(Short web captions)

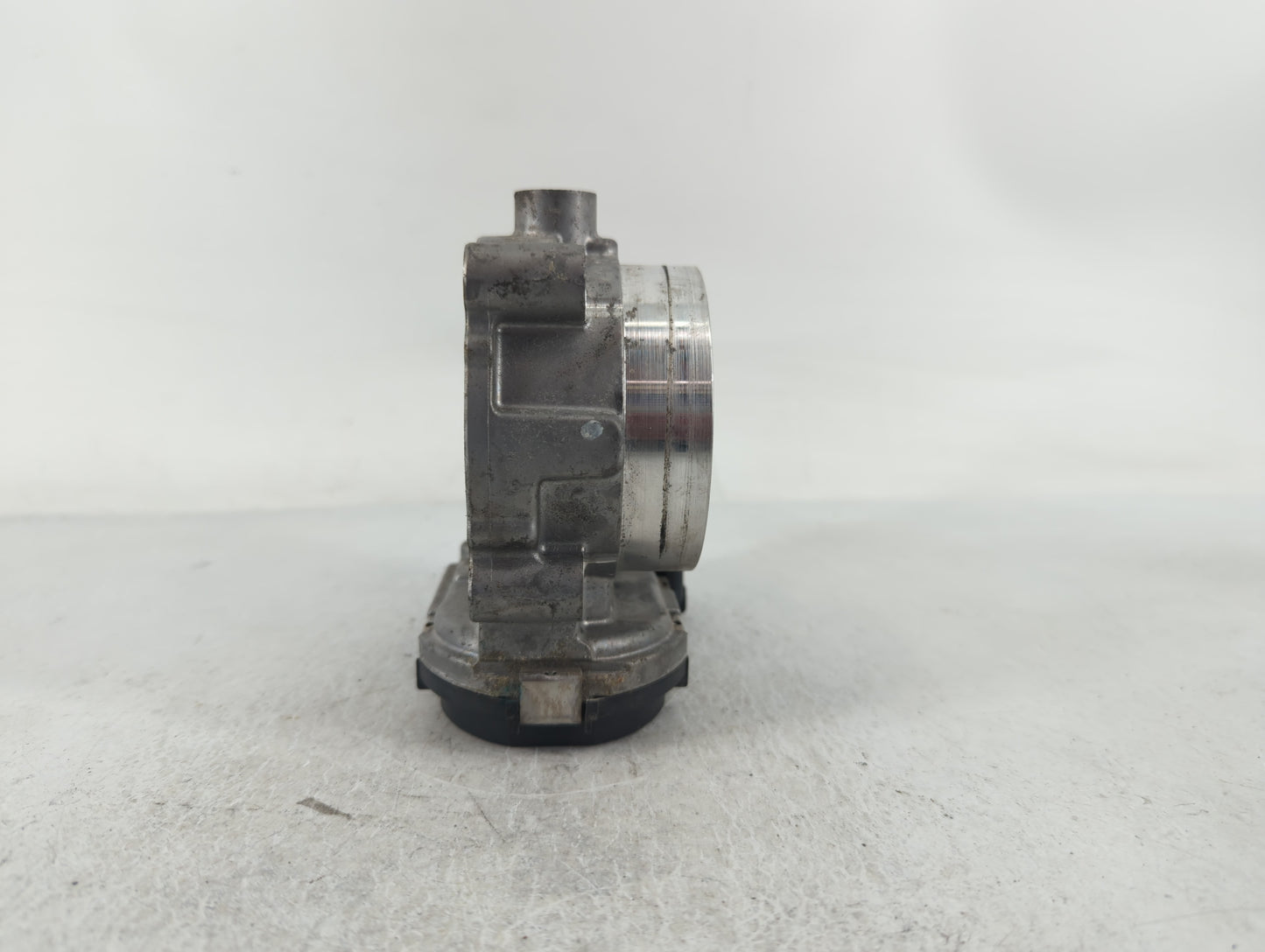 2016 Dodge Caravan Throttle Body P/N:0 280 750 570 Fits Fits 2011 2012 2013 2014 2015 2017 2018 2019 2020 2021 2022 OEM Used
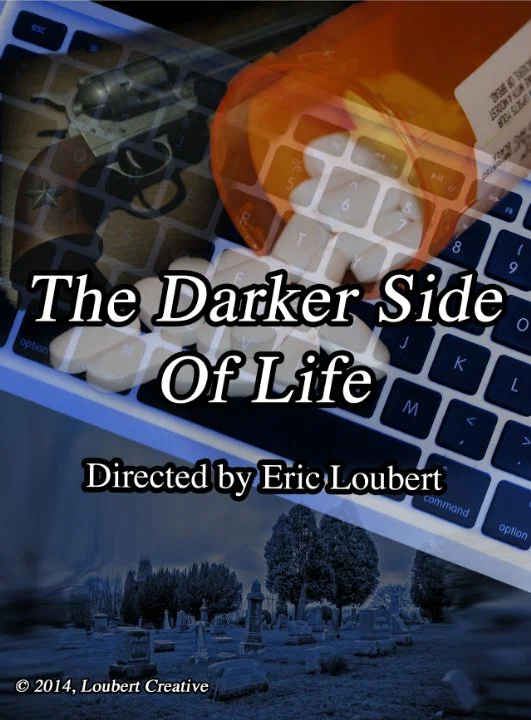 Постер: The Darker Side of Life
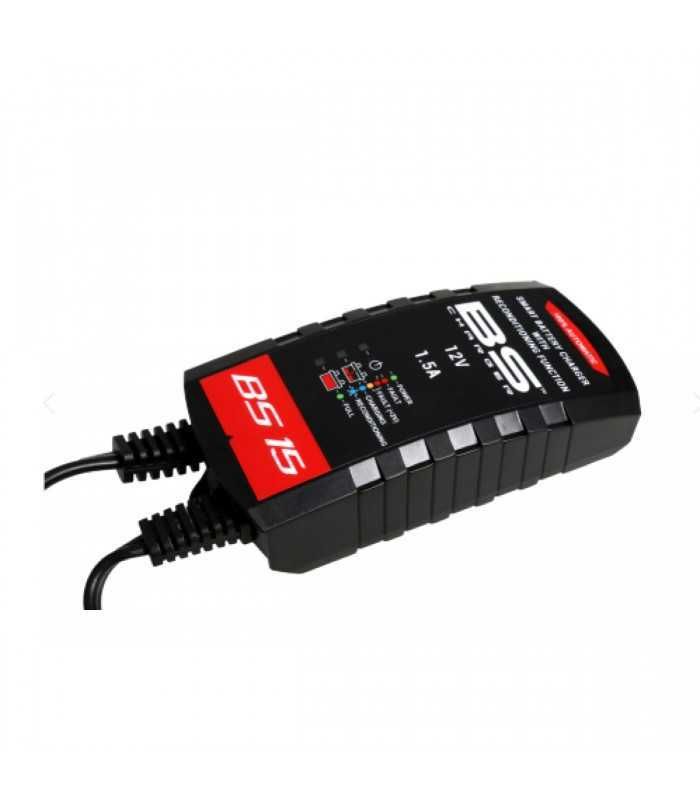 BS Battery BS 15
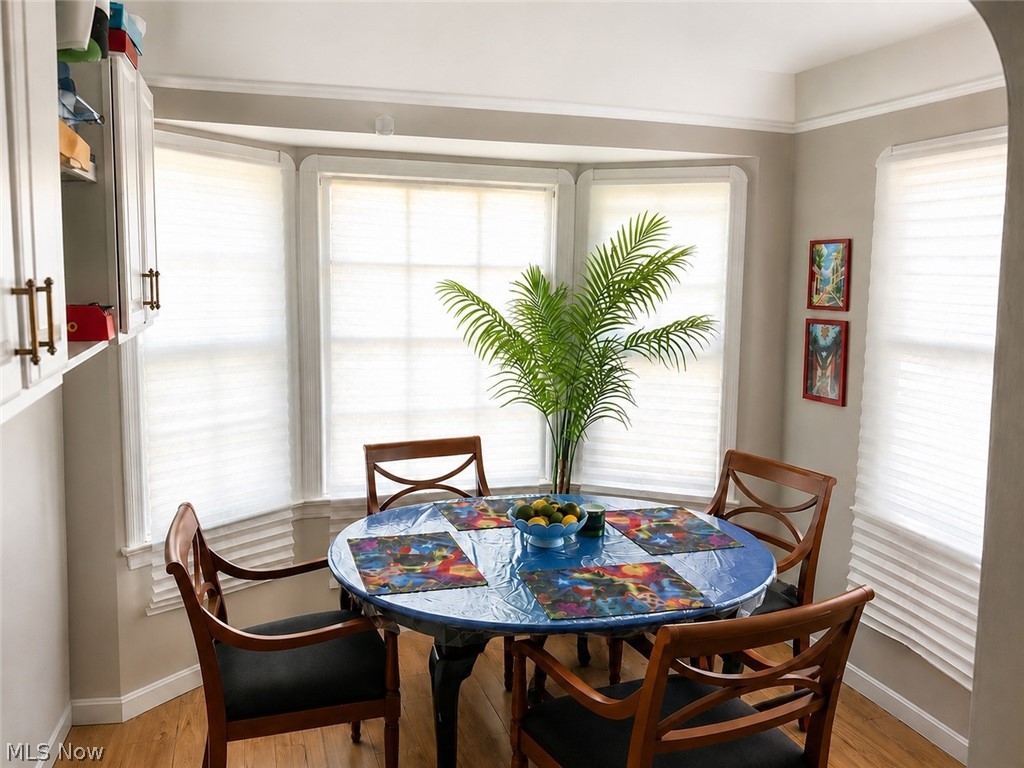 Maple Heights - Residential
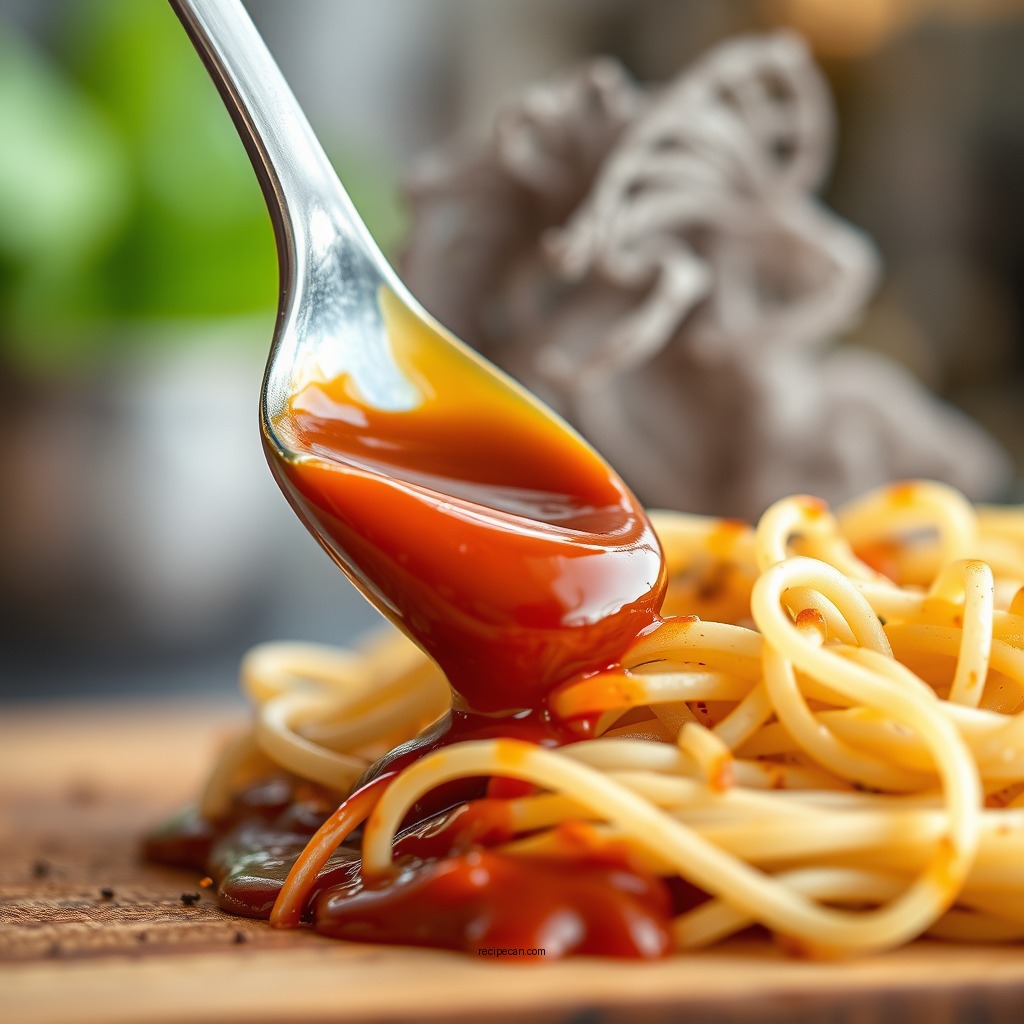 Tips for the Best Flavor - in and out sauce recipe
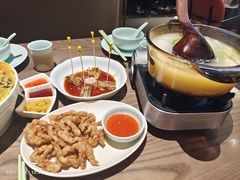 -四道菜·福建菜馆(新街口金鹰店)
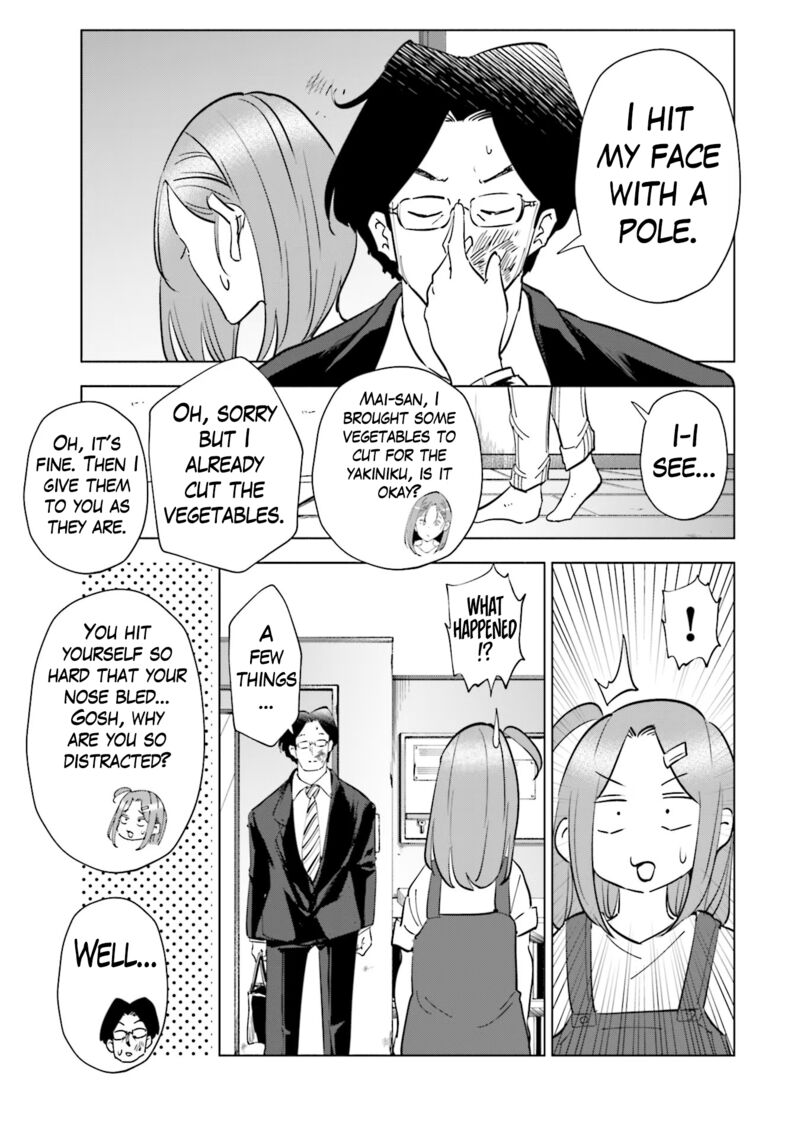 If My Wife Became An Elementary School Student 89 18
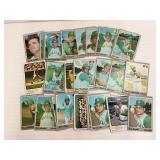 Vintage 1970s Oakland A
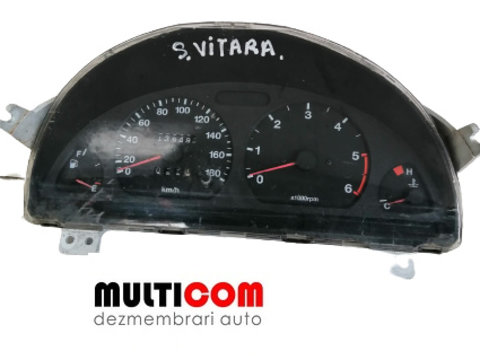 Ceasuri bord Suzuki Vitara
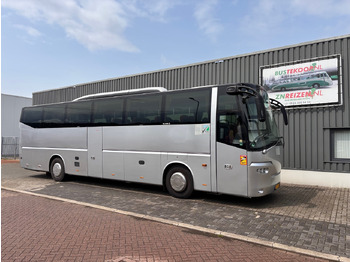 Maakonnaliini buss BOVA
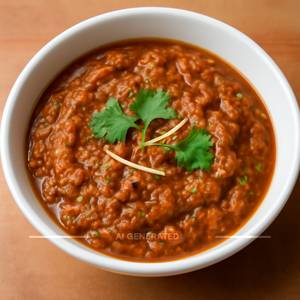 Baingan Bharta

## [What the exercise asks]
The data above are to be repeated word for word, with any pictures left out.

## [Answer to this exercise]
 2016 Dodge Caravan Throttle Body P/N:0 280 750 570 Fits Fits 2011 2012 2013 2014 2015 2017 2018 2019 2020 2021 2022 OEM Used
 Постер: The Darker Side of Life
 BS Battery BS 15
 Maple Heights - Residential
 Tips for the Best Flavor - in and out sauce recipe
 -四道菜·福建菜馆(新街口金鹰店)
 If My Wife Became An Elementary School Student 89 18
 Vintage 1970s Oakland A
 Ceasuri bord Suzuki Vitara
 Maakonnaliini buss BOVA
 Baingan Bharta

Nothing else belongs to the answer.